(Dataset excerpts)
• • • • •

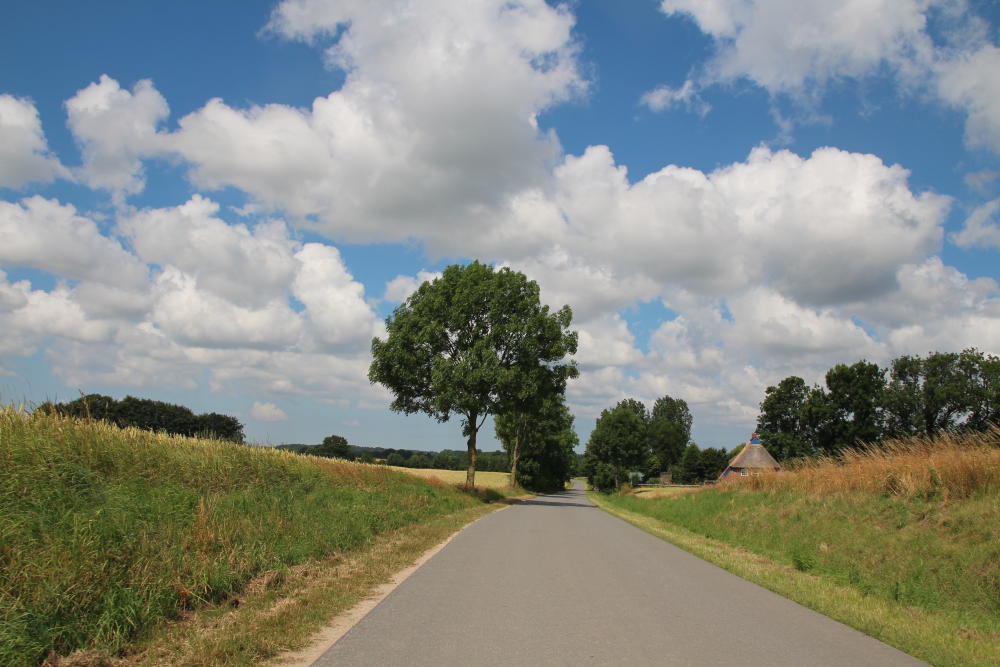 Tolle weitestgehend leere kleine Straßen auf dem Weg nach Plön am See.
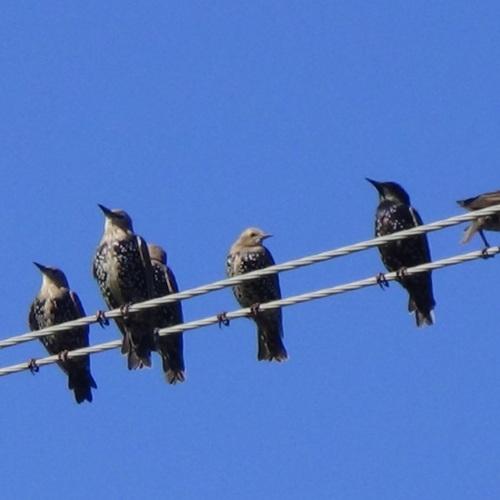 Photo #5310537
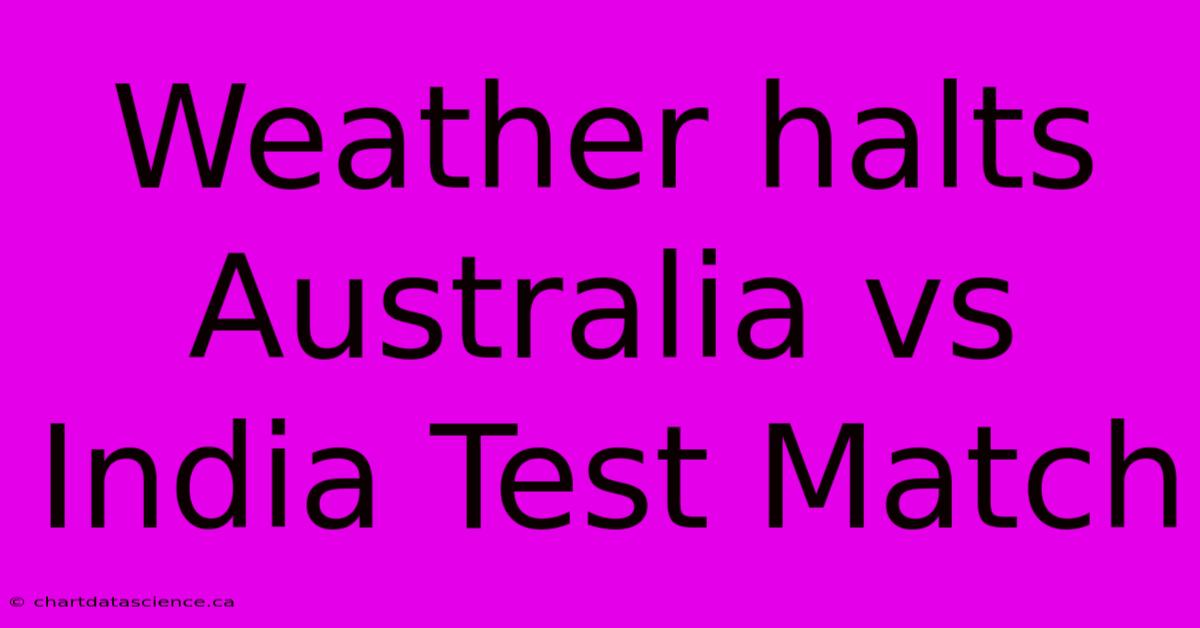 Weather Halts Australia Vs India Test Match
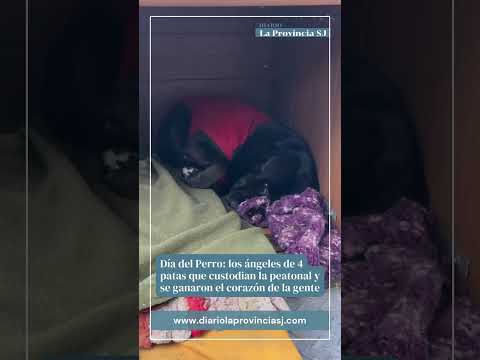 Los increíbles ángeles de cuatro patas que custodian la peatonal de San Juan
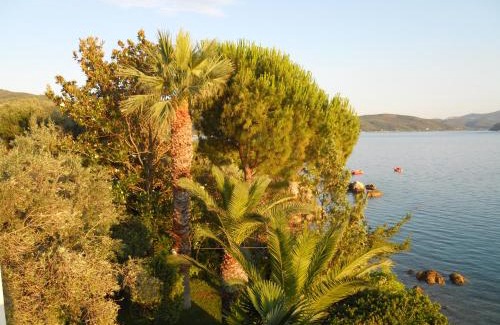 Horto Apartamento | Villa Electra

• • • • •

> **Problem statement**: Provide an exact copy of the records, excluding every picture.

> **Problem solution**:
 Tolle weitestgehend leere kleine Straßen auf dem Weg nach Plön am See.
 Photo #5310537
 Weather Halts Australia Vs India Test Match
 Los increíbles ángeles de cuatro patas que custodian la peatonal de San Juan
 Horto Apartamento | Villa Electra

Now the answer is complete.